Successful Clinical Supply Quality Teams
In part one of this series, we emphasized the importance of the project coordinator function to guide the process through basic questions to create a clear image of the overall project requirements. Similarly, the project quality team will evaluate those basic project requirements to understand the project-specific risks and create a risk management and control strategy to ensure the project is executed with a minimum of disruption. The project quality functions must be integrated with the project team from the earliest stages, and particularly with the project coordinator. Quality Assurance in clinical supplies is absolutely an engineering function, and successful clinical quality groups all share the same attributes:

• Solid grounding on the operational “book of knowledge” for clinical supplies. They understand the fundamental differences between lot numbering and protocol numbering. They understand the differences between spatial and temporal controls when multiple products are involved, and they are comfortable with the rapid cycle times common in clinical supply production.

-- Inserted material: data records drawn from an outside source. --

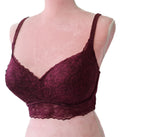 Victorias Secret pink push up bralette para copas D Y DD (M)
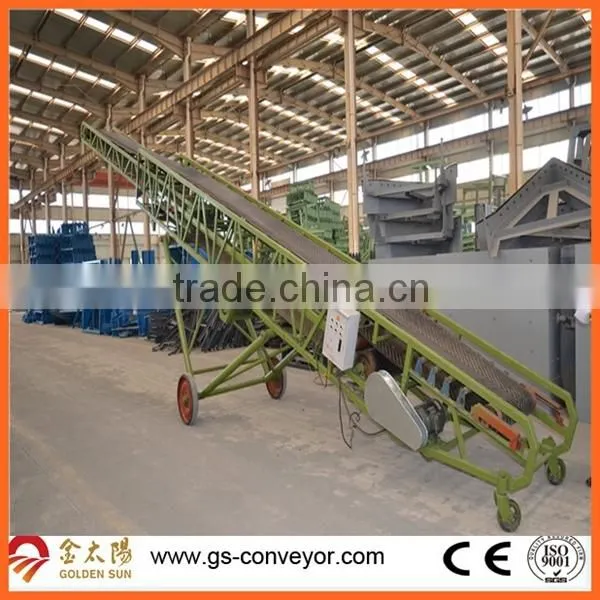Belt Width 350mm Belt Conveyor,mobile Conveyor for Limestone Transport,Power 20kw Mobile Conveyor photo-3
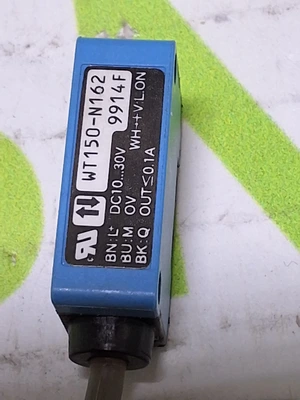 SICK WT150-N162 PHOTOELECTRIC SENSOR 30V .1A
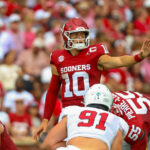 Oklahoma QB John Mateer.
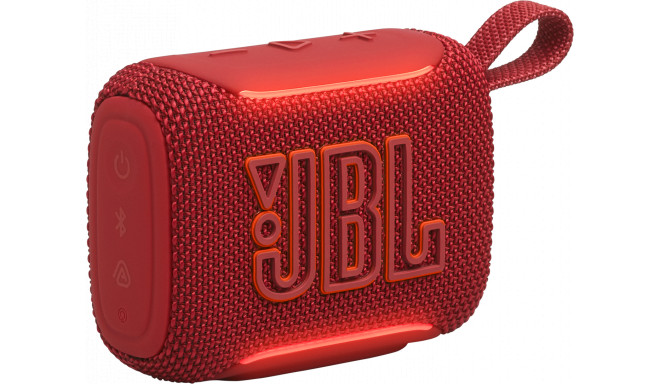 JBL juhtmevaba kõlar Go 5, punane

• Solid grounding and operational knowledge of risk management principles and the ability to tease apart a process, identify the specific risks based on intimate process knowledge, and develop innovative, efficient, and effective controls appropriate to the specific study protocol.
• Solid, productive, and business-savvy relationships with the rest of the project team. Quality conversations nearly always start with “yes, let’s find a way”.
• Knowledge and commitment to the purpose and goals of the protocol, knowledge and commitment to the project team, commitment to the project coordinator, and total engagement with the sponsor.
• A commitment to live conversation and direct face-to-face interactions with team members and sponsors.
• A natural and default inclination towards written project plans and an innate drive to institutionalize what otherwise lives as “tribal knowledge”.
• A written quality agreement with sponsors: Good quality teams don’t want to make up rules and roles on the fly, and they realize up front that they won’t have time for that once the project is in motion, and certainly not when problems arise. Good quality teams anticipate the problems that will arise, and take proactive measures to preempt those problems and pre-define outcomes.
• Effective clinical quality teams are ever ready to provide GMP context and narrative into clinical supply operations that might be considered unconventional GMP; over-labeling, removal of original labels, side-by-side labels.

Like any pharmaceutical operation, quality and GMP compliance lie at the intersection of risk identification and risk control. Maintaining the uniqueness and randomness of a clinical supply job derives from knowledge and understanding of the study protocol. Control of clinical labeling derives from understanding the specific label content and the meaning of both fixed and variable data fields in the context of the study design. And finally, the effectiveness of in-process controls will be dictated not by formulaic solutions common to commercial manufacturing, but through controls specific to the study design. Traditional pharmaceutical quality teams need a new vocabulary and a new body of operational knowledge and risk awareness to be effective in the control of clinical trial supplies. Effective control of clinical supply risks derives from overall situational awareness, integration with the project team, and a deep operational background to understand how all the pieces fit together.